*MATERIAL SHOWN*.
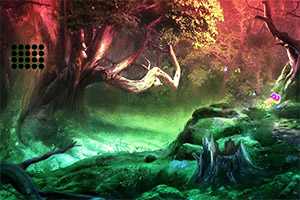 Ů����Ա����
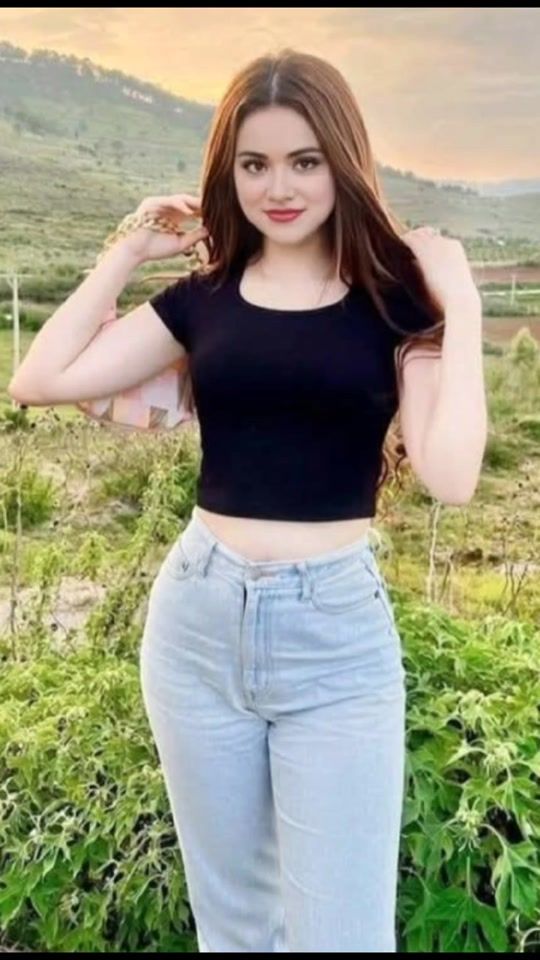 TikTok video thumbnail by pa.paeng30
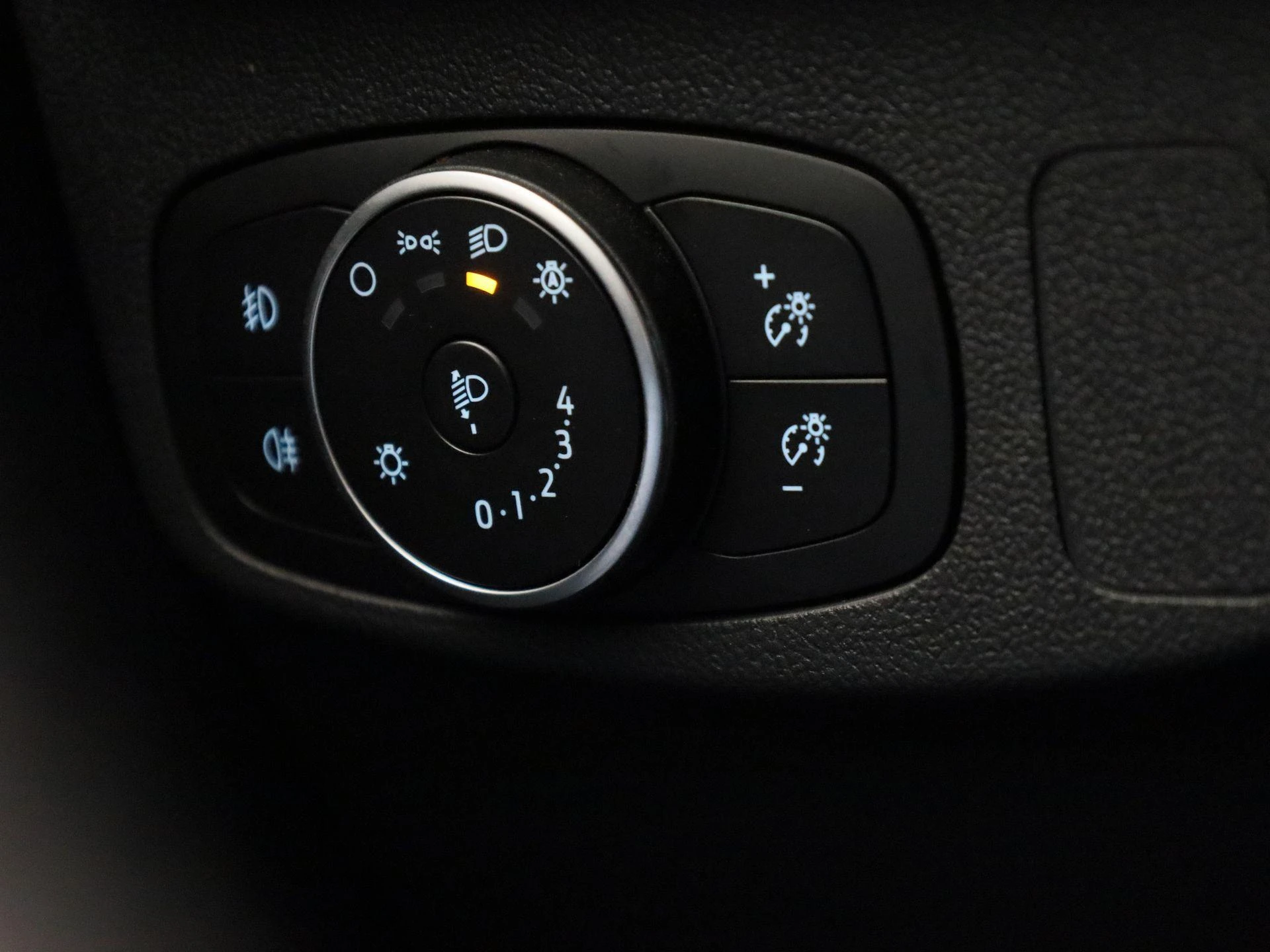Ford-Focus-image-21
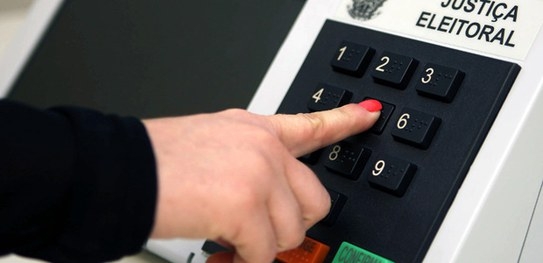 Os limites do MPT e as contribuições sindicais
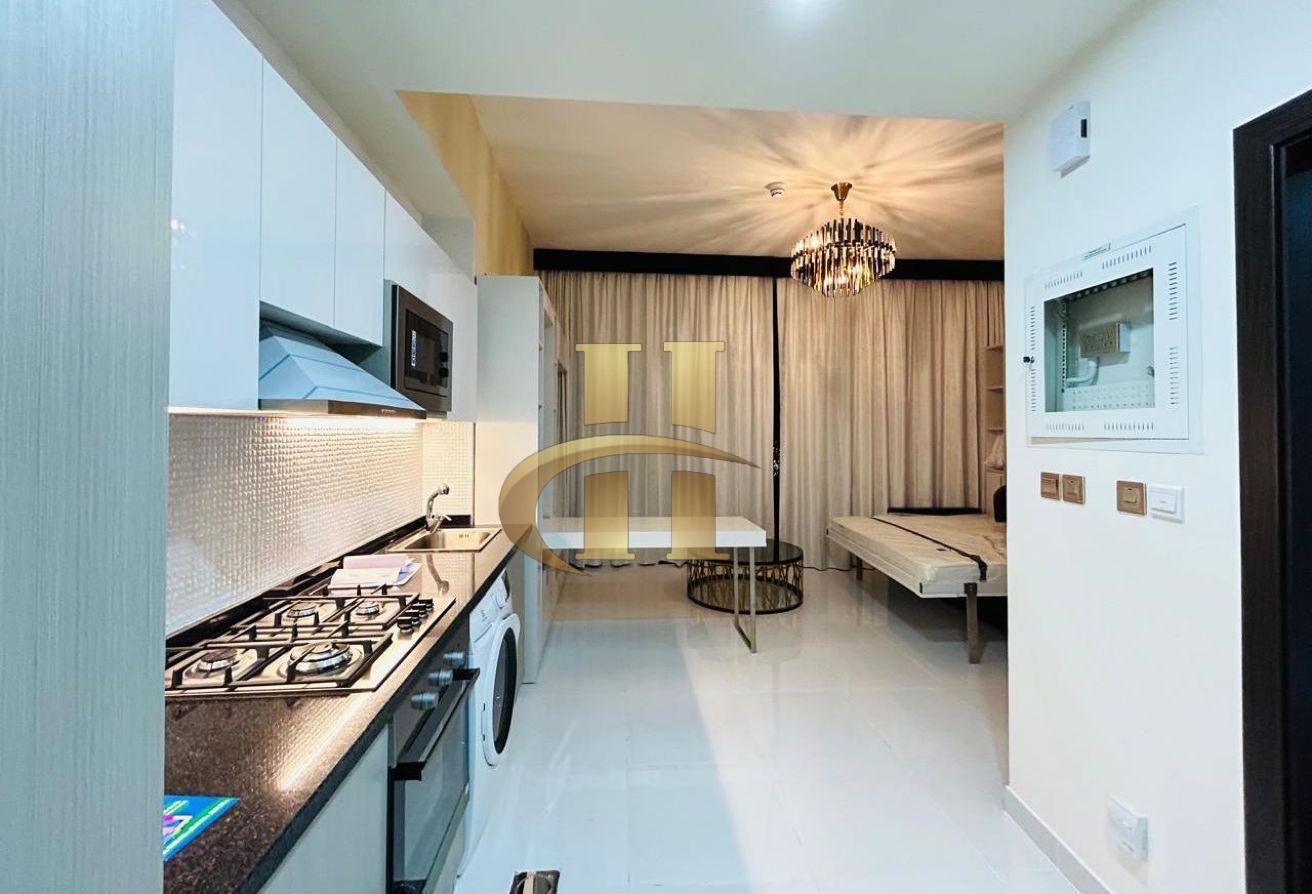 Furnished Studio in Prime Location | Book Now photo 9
...
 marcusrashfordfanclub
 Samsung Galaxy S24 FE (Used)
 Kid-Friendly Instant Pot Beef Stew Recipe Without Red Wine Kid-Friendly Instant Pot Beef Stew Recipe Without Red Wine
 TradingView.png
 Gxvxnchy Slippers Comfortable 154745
---
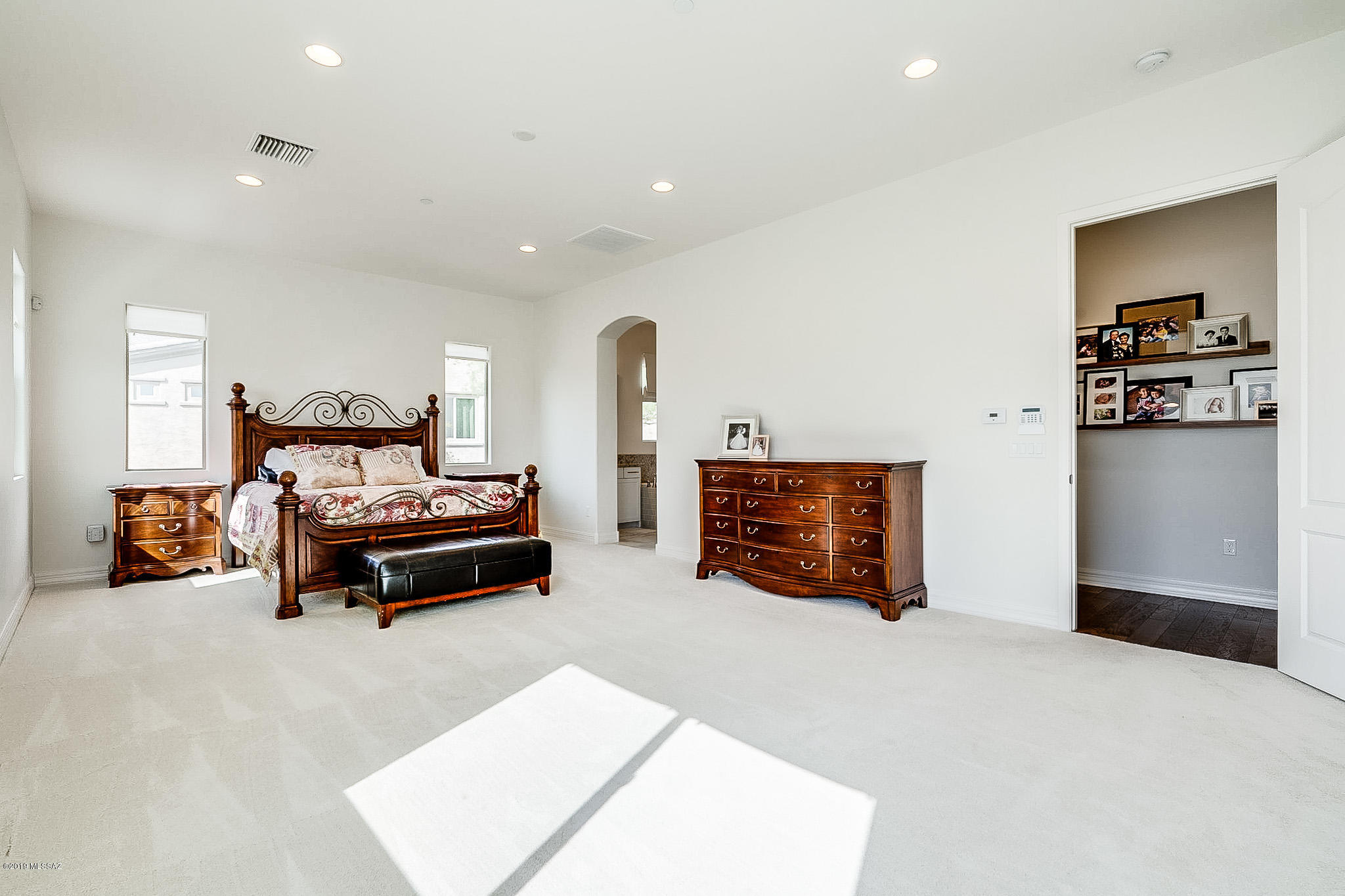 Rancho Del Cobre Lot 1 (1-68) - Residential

*WORK REQUEST*.
Look above for the line with "Os limites do", then give again exactly every line from there through the line with "Furnished Studio in", skipping the pictures.

*ANSWER TO THIS EXERCISE*.
 Os limites do MPT e as contribuições sindicais
 Furnished Studio in Prime Location | Book Now photo 9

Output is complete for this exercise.